Provided data Block Start

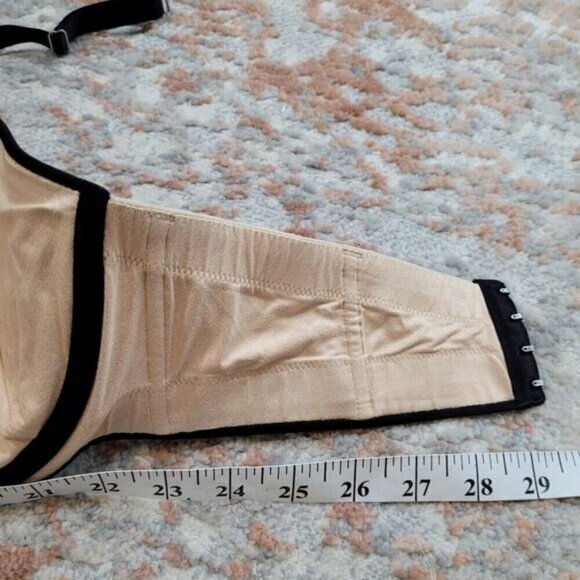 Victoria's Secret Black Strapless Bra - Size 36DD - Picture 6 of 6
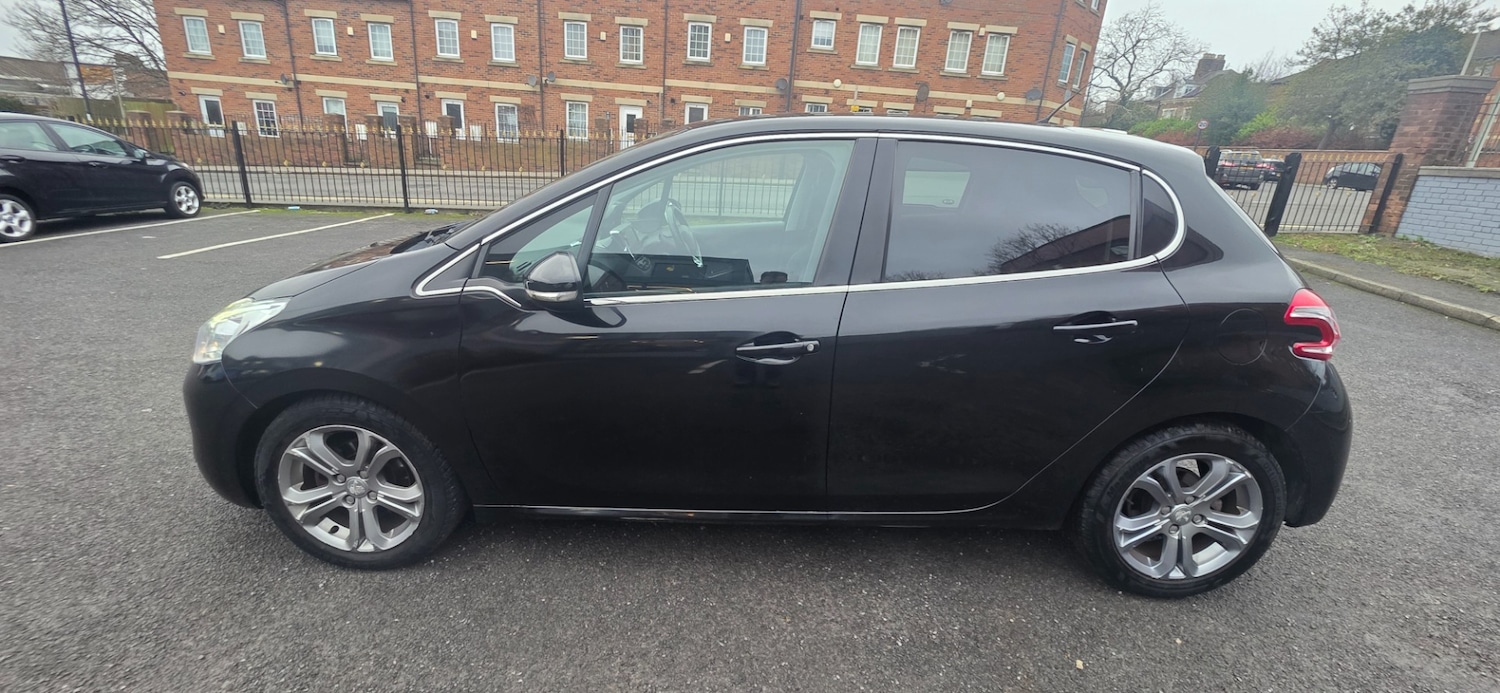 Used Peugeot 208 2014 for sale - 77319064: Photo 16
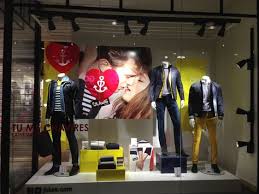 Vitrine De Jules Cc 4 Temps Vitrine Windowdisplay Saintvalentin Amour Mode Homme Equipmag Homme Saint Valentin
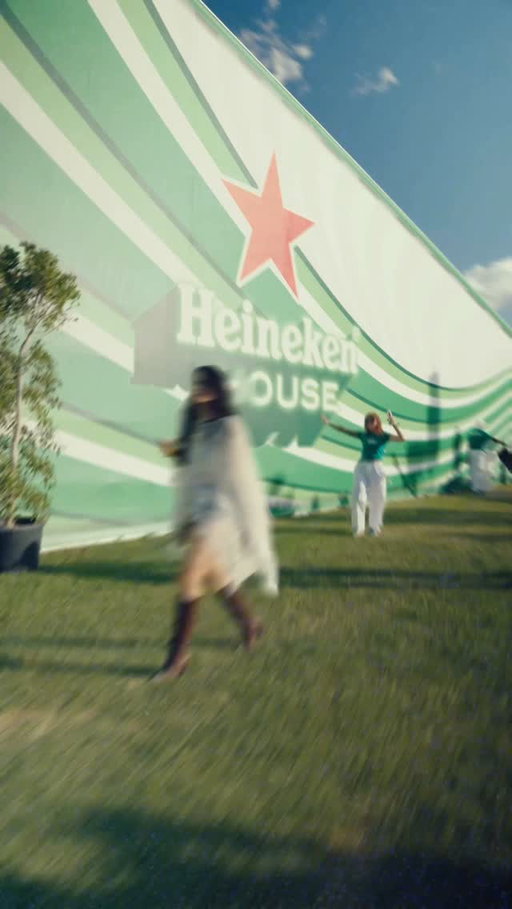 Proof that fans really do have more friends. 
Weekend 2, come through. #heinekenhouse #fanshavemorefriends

Provided data Block End

=== Exercise brief ===
Write out the lines of the material from the one containing "Proof that fans" through the last, exactly and only those. Leave every picture out.

=== Response to the exercise ===
 Proof that fans really do have more friends. 
Weekend 2, come through. #heinekenhouse #fanshavemorefriends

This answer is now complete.